Instructions to follow
The output must match the entries below exactly, with pictures removed.

Exercise materials
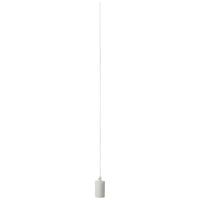 SLV FITU 132691 Hanglamp E27 60 W Wit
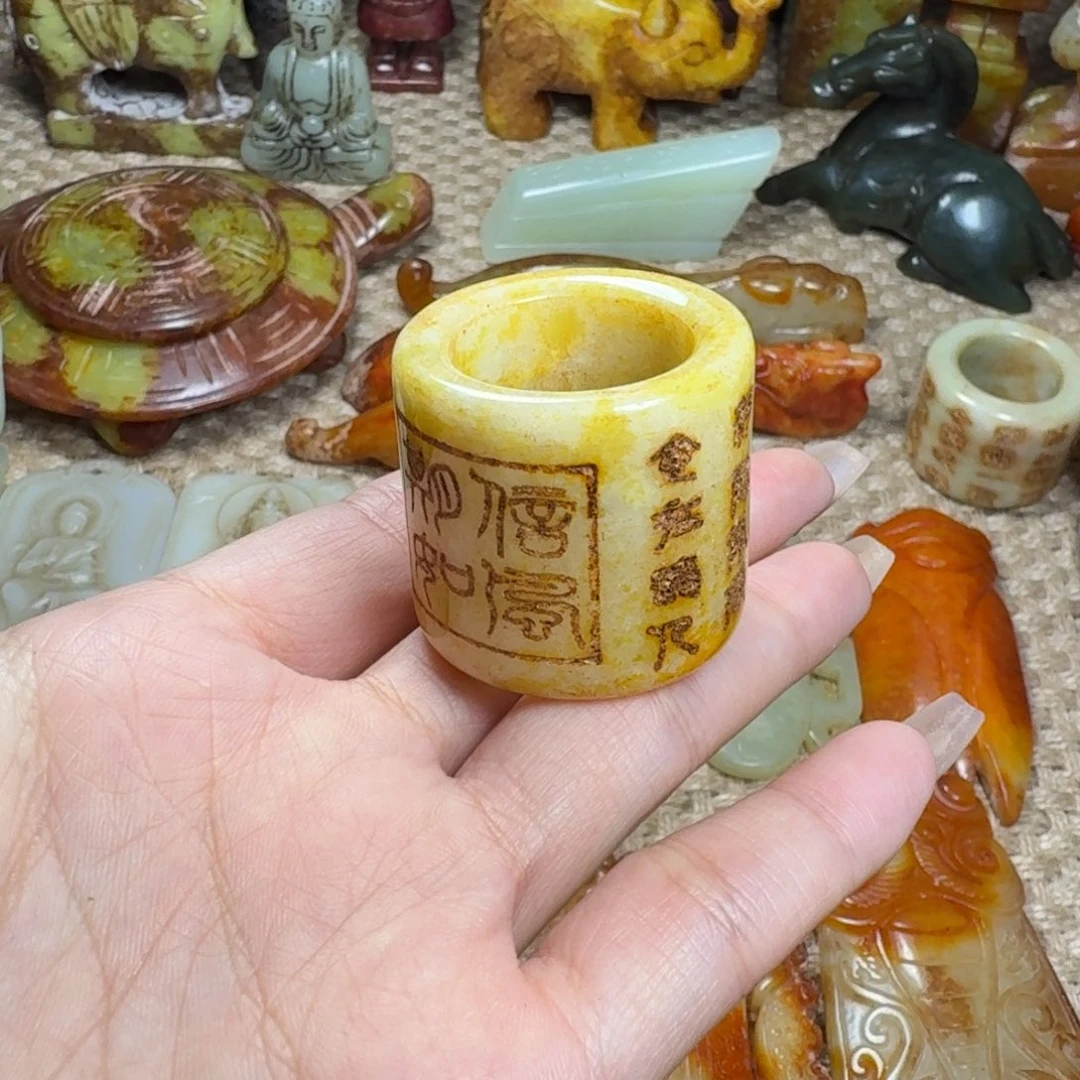 吊坠白玉菩提挂件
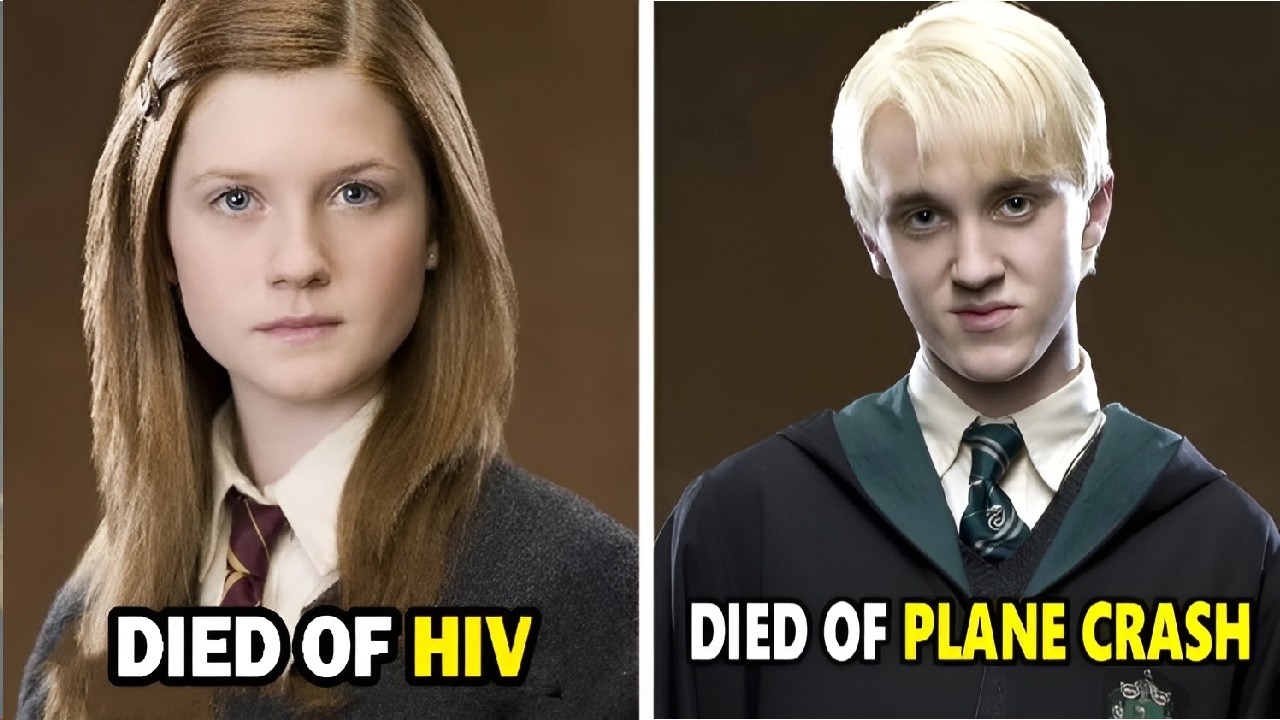 10 Beloved Harry Potter Actors Who Tragically Passed Away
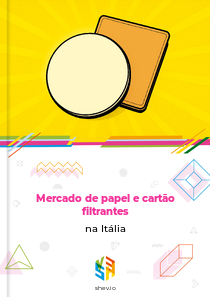 Mercado de papel e cartão filtrantes na Itália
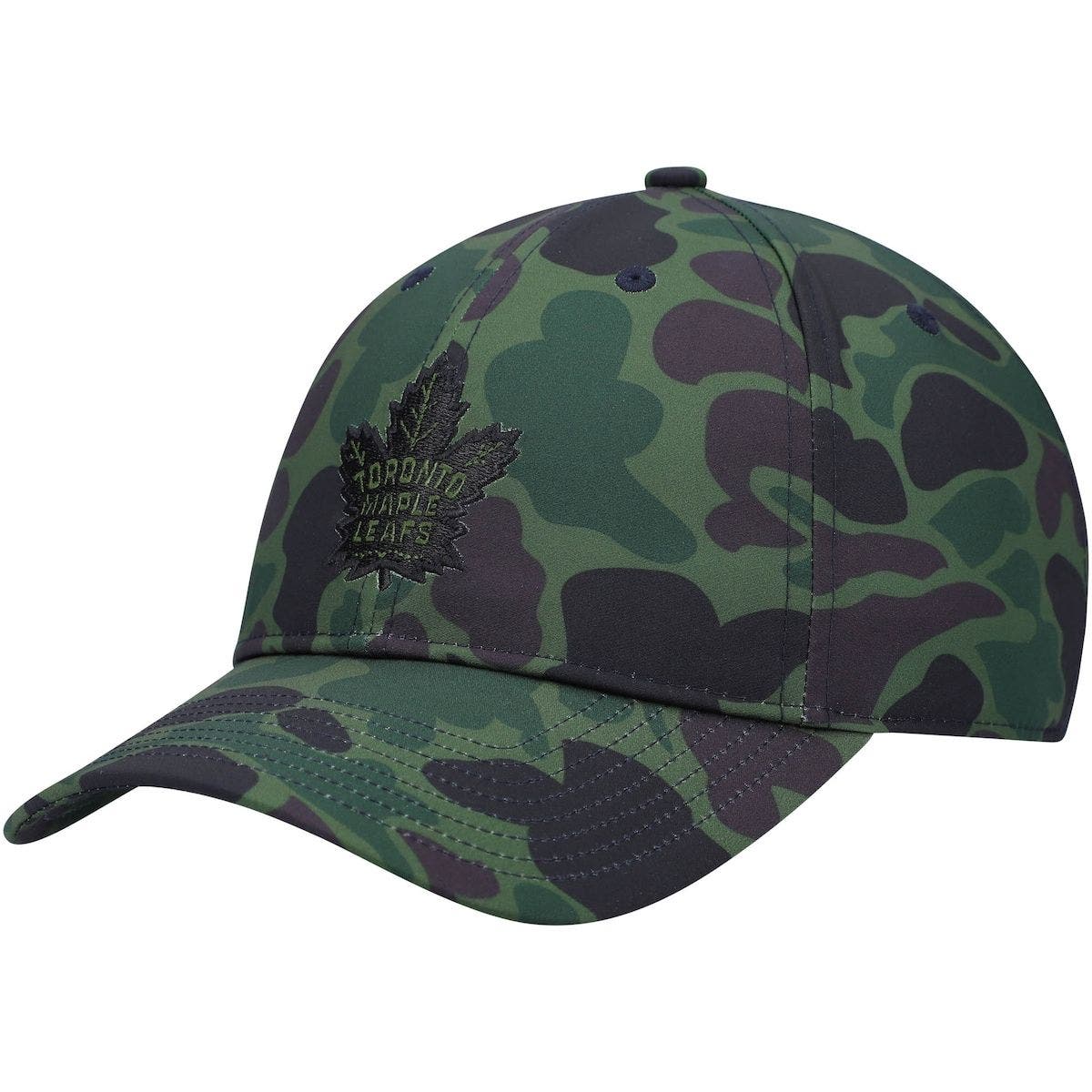 adidas Men's adidas Camo Toronto Maple 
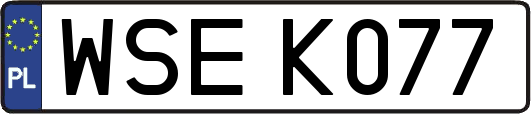 WSEK077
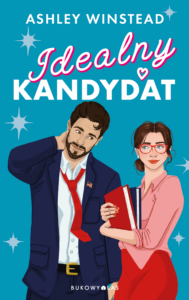 Idealny kandydat — okładka e-booka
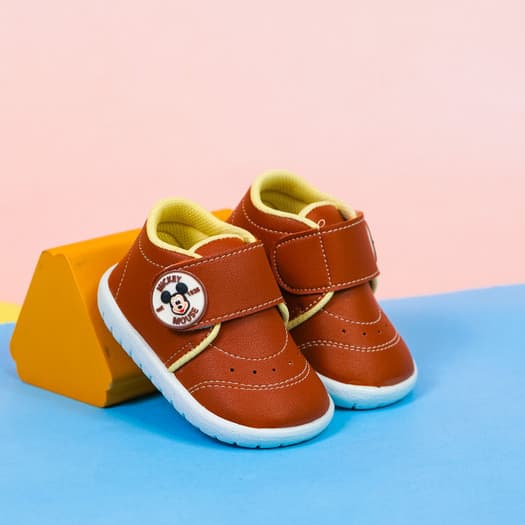 Gambar produk Disney Baby ADIBC25 Sepatu Anak Bayi Karakter Transformer Lucu Dan Keren | Sepatu Bayi & Balita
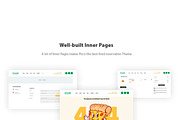 Leo Poco - Fast Food Restaurant Pres, a Websites & App Template by LeoTheme (Thumbnail 7 of 15)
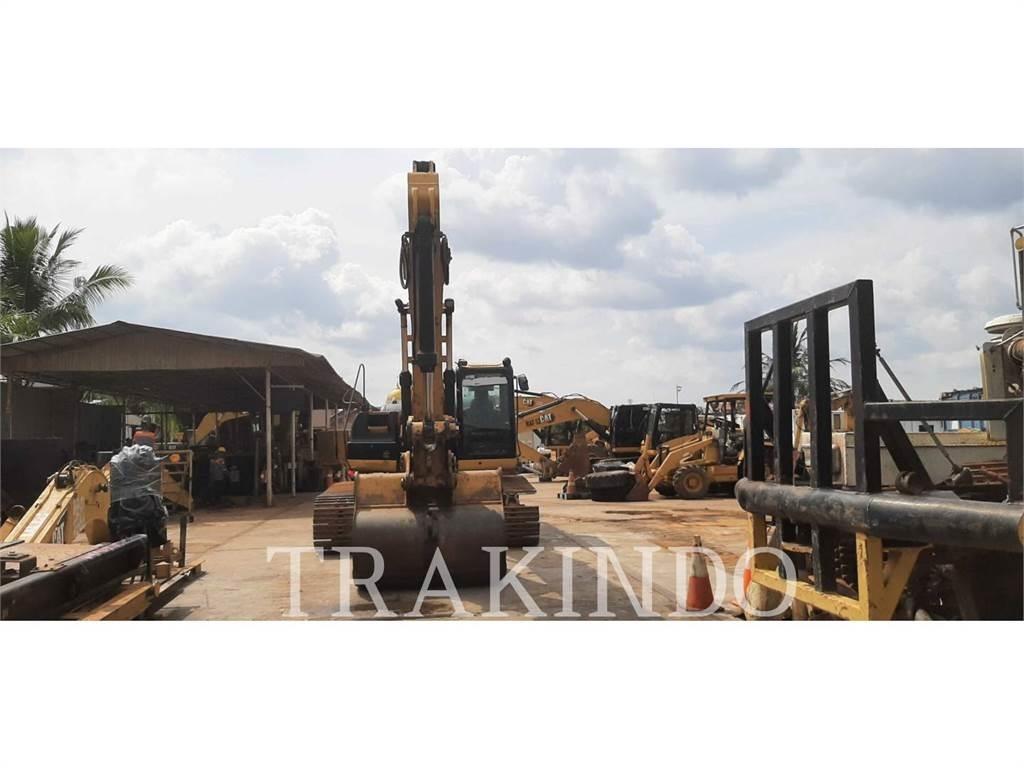 CAT 330D2L Excavatoare pe șenile
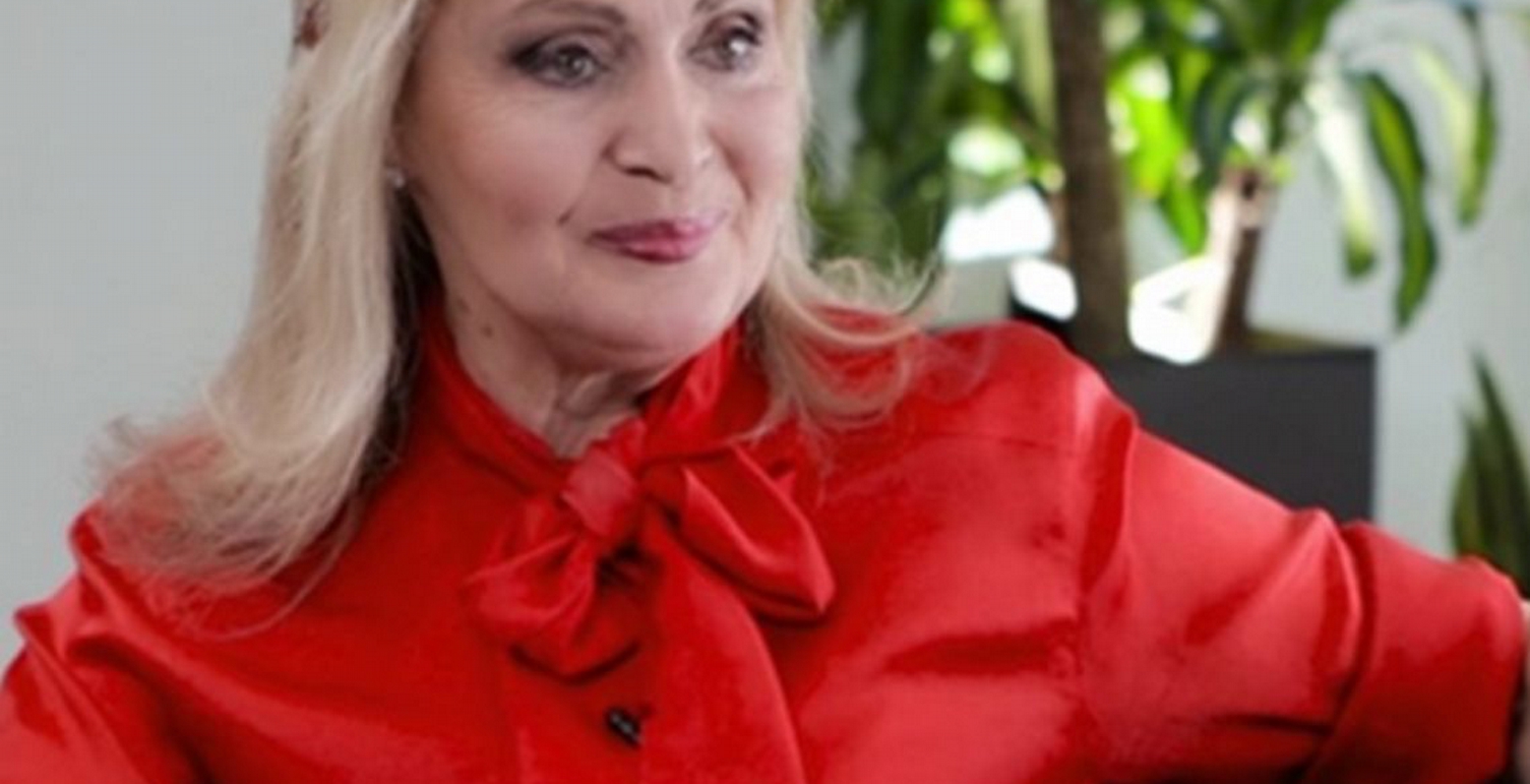 Δύσκολες ώρες για την Νίνα Βλάχου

Solution to this problem
 SLV FITU 132691 Hanglamp E27 60 W Wit
 吊坠白玉菩提挂件
 10 Beloved Harry Potter Actors Who Tragically Passed Away
 Mercado de papel e cartão filtrantes na Itália
 adidas Men's adidas Camo Toronto Maple 
 WSEK077
 Idealny kandydat — okładka e-booka
 Gambar produk Disney Baby ADIBC25 Sepatu Anak Bayi Karakter Transformer Lucu Dan Keren | Sepatu Bayi & Balita
 Leo Poco - Fast Food Restaurant Pres, a Websites & App Template by LeoTheme (Thumbnail 7 of 15)
 CAT 330D2L Excavatoare pe șenile
 Δύσκολες ώρες για την Νίνα Βλάχου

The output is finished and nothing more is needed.